Our throwaway culture has led the industry to believe that newness is better, but that’s not always true. As we've quietly taken adaptive reuse off the table in the interest of perceived risk and speed, we've added massively to environmental impact, chiefly in the form of concrete and steel embodied carbon.
With a circular mindset, any commercial building with the right bones and sufficient power supply can be transformed into a data center. Off the top of my head, I can rattle off at least a half dozen examples, stretching from 60 Hudson in New York to One Wilshire in Los Angeles. In Dallas, DataBank’s downtown data center and headquarters occupies a former Federal Reserve Building. Then there’s the iconic Switch Pyramid in Grand Rapids, Michigan. The unique building housed a furniture research and design facility until Switch acquired and redeveloped it as a data center.
The data center industry can even give vacant retail spaces a new purpose. For example, in 2012, edge data center company Ubiquity Critical Environments sought to leverage the massive 250 million-square-foot Sears and Kmart real estate portfolio to house a network of connected edge sites in second and third-tier markets.
Combatting throwaway culture
Given the immense potential of adaptive reuse, why does it continue to be such a missed opportunity?

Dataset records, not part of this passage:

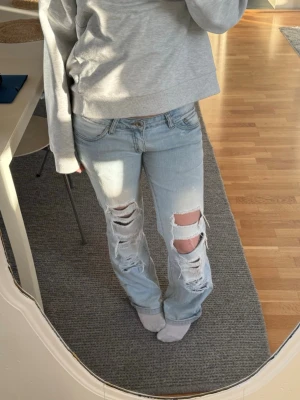 Ljusblå ripped jeans med raka ben - Snygga ljusblå jeans med raka ben och slitningar på både fram och baksida💓
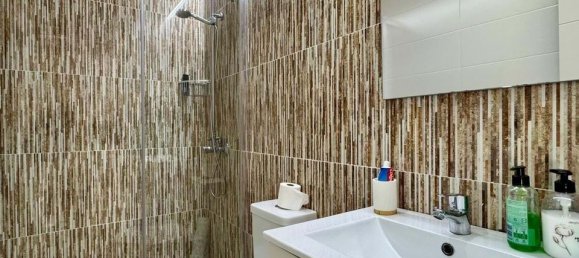 Apartamento de 2 dormitorios en Alicante, Spain No. 181495 11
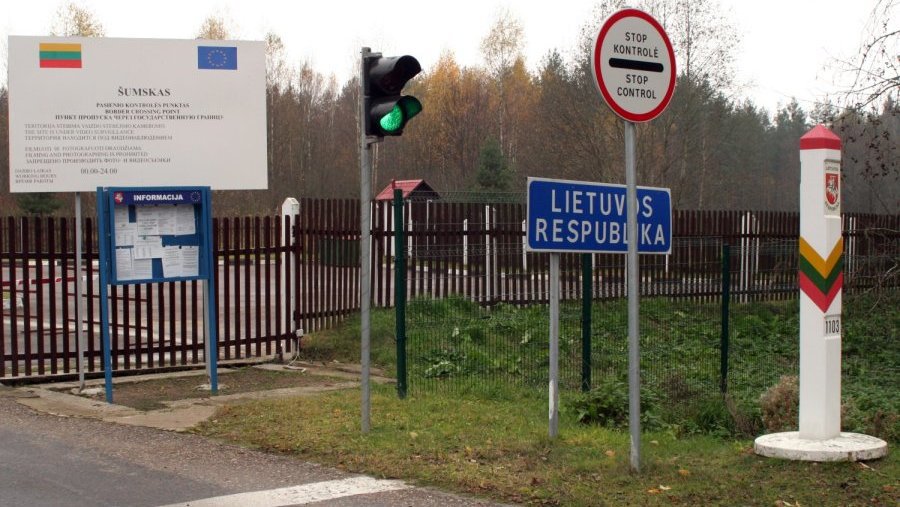 Литовский пограничник прострелил ногу белорусу, пытавшемуся отнять у него оружие
 - Происшествия и криминал
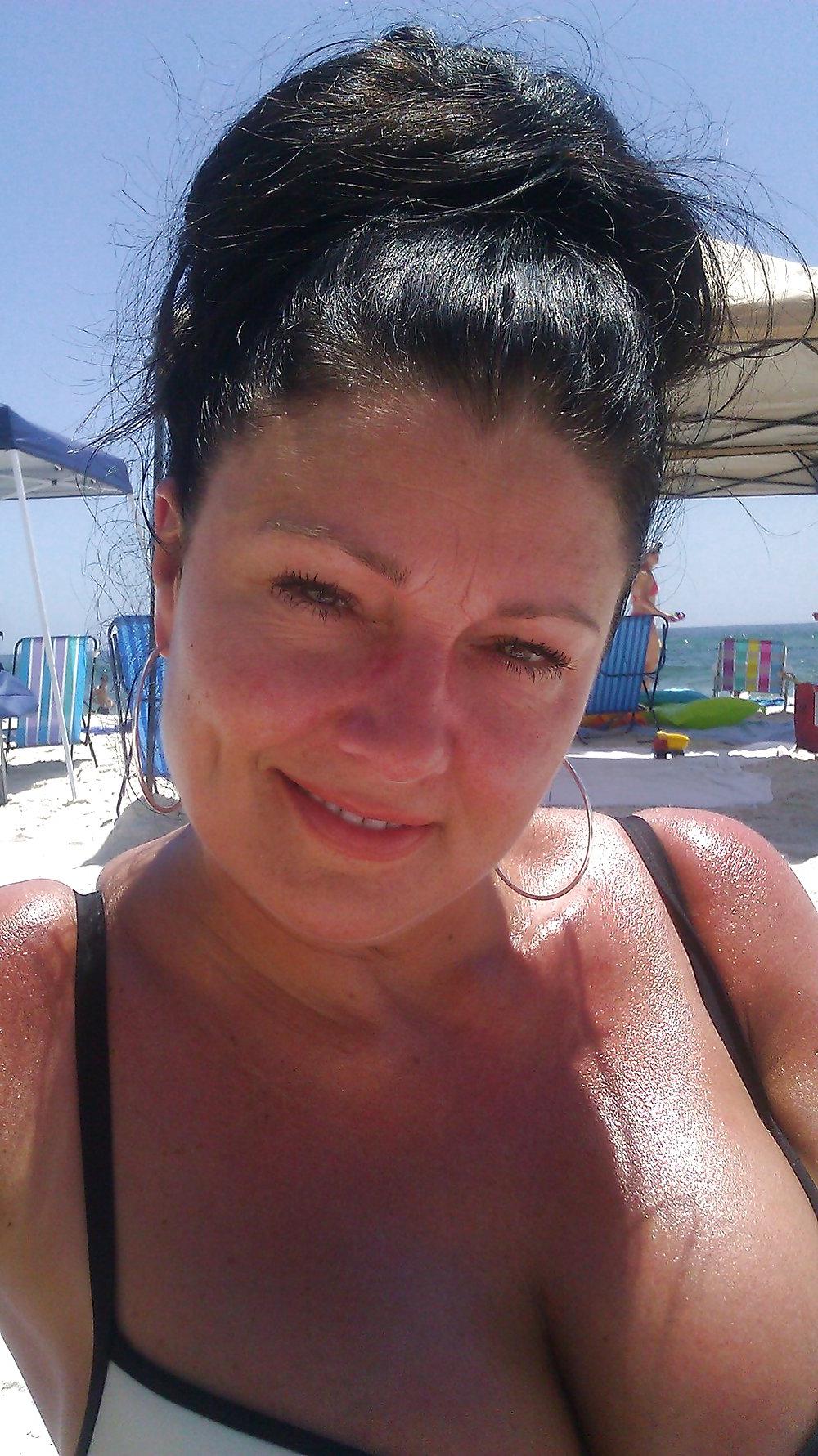 21P Sexy Amateur MILF!!! (PG)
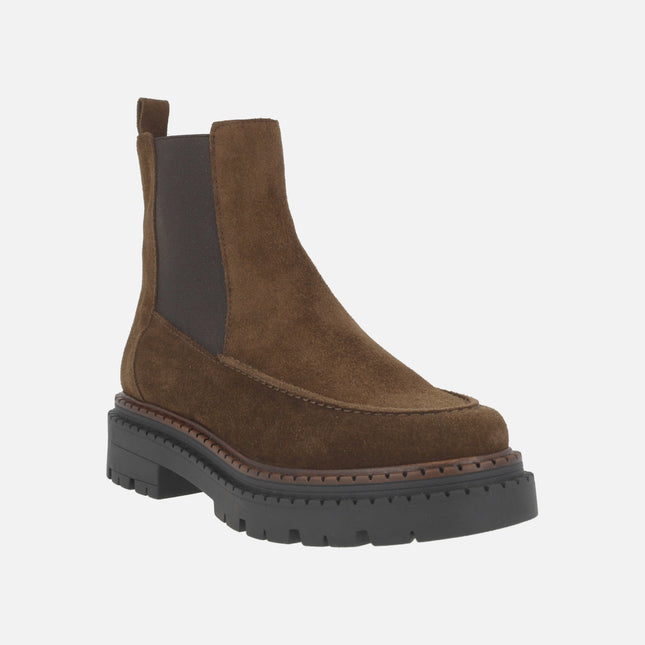 Chelsea boots for women in brown suede with TRACK outsole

I believe it’s because we lack a true line of sight into the carbon savings of adaptive reuse and, therefore, incentive.
I propose we measure both the embodied carbon used in the original construction and the embodied carbon avoided in not building new. That includes not just concrete and steel but the entire construction value chain: manufacturing, shipping, installation, building and even the act of not paving over a new site.
Armed with these numbers, we need to gamify adaptive reuse — just like how introducing power usage effectiveness (PUE) brought sustainability competition to the industry. Imagine how behavior would change if we issued a carbon accounting credit to companies that make the circular choice to recycle a building.
Why now is the time to invest in adaptive reuse
The accelerating trajectory of the data center build pipeline not only has a huge carbon footprint, but it also outpaces the inventory of sites with power and the supply chain to erect new structures on them.
This land-and-power war is exacerbated by public commitments to shareholders to deliver both revenue and capacity. Add new artificial intelligence (AI) demand to this already constrained market, and we have a severe shortfall.
Mark Ganzi, CEO of Digital Bridge, estimates AI will require 38GW of accretive digital infrastructure demand. If the industry met just 10% of that demand with adaptive reuse and modular deployment, we could recycle and future-fit 380 buildings (assuming 10MW per 10,000 square feet for high-density AI facilities). And with 30 billion square feet of commercial real estate in the US alone, there’s no shortage of applicable sites.
Not only does adaptive reuse lead to massive carbon savings, but it also can reduce time-to-revenue and improve the efficient utilization of stranded power. It’s time to bring new thinking to data center development — a mindset that embraces the old in the name of innovation. It’s just smart. And as 350 East Cermak has shown us, it can be beautiful, too.